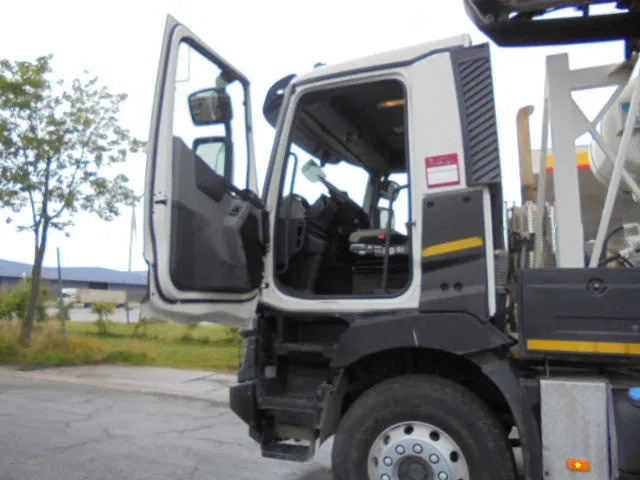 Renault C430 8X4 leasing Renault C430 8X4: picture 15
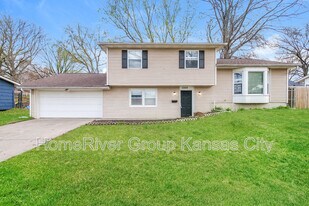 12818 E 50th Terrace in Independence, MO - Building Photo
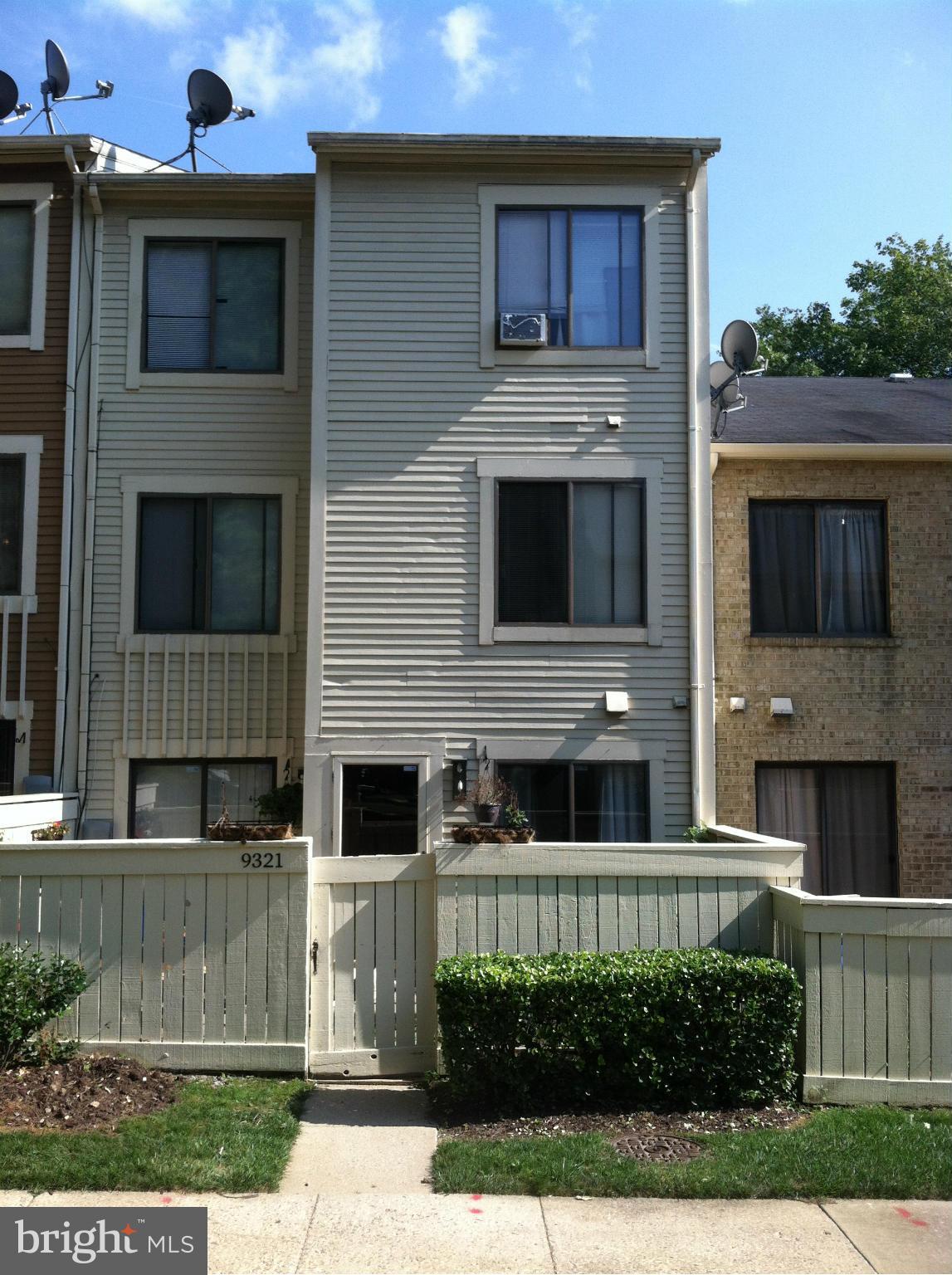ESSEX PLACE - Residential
* * *
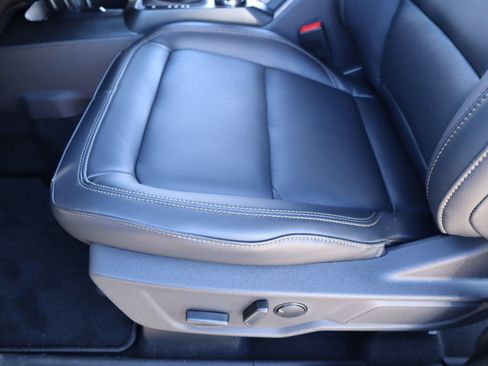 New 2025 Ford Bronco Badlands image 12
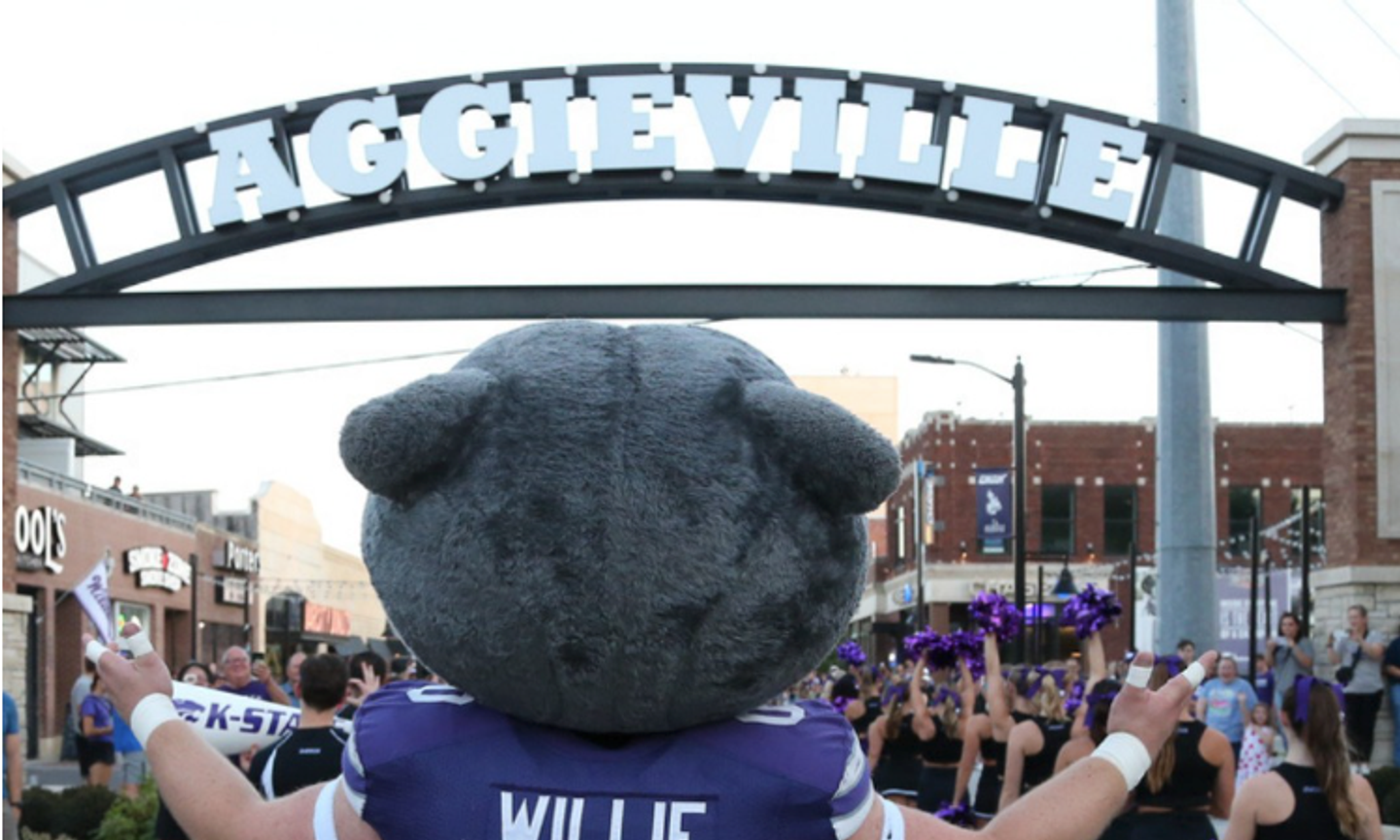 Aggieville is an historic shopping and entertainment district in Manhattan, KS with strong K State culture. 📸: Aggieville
---
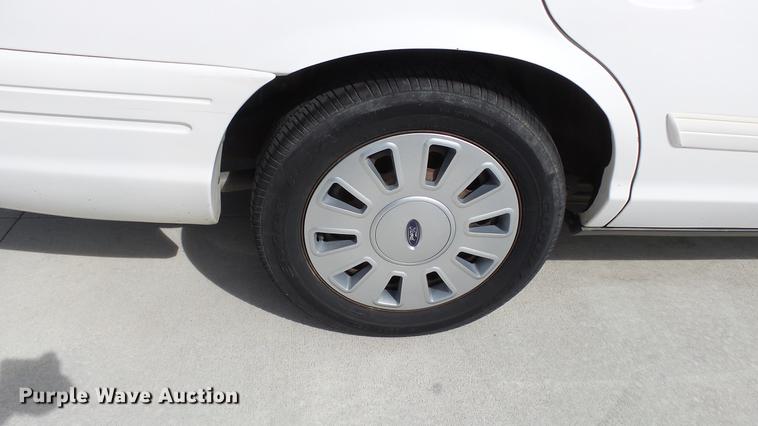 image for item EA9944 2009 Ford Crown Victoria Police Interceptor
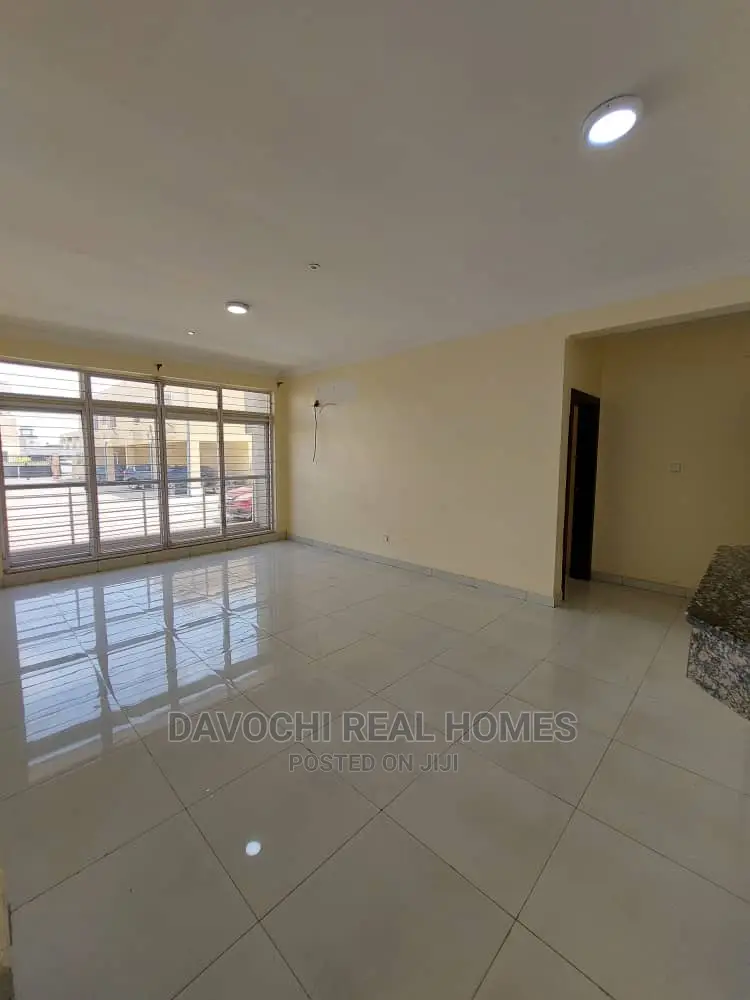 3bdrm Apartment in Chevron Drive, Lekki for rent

• [To do] Print nothing but the lines above starting with the line that contains "Renault C430 8X4 leasing" and going on through the line that contains "ESSEX PLACE - Residential". Leave out the pictures.

• [Solution to the problem]
 Renault C430 8X4 leasing Renault C430 8X4: picture 15
 12818 E 50th Terrace in Independence, MO - Building Photo
ESSEX PLACE - Residential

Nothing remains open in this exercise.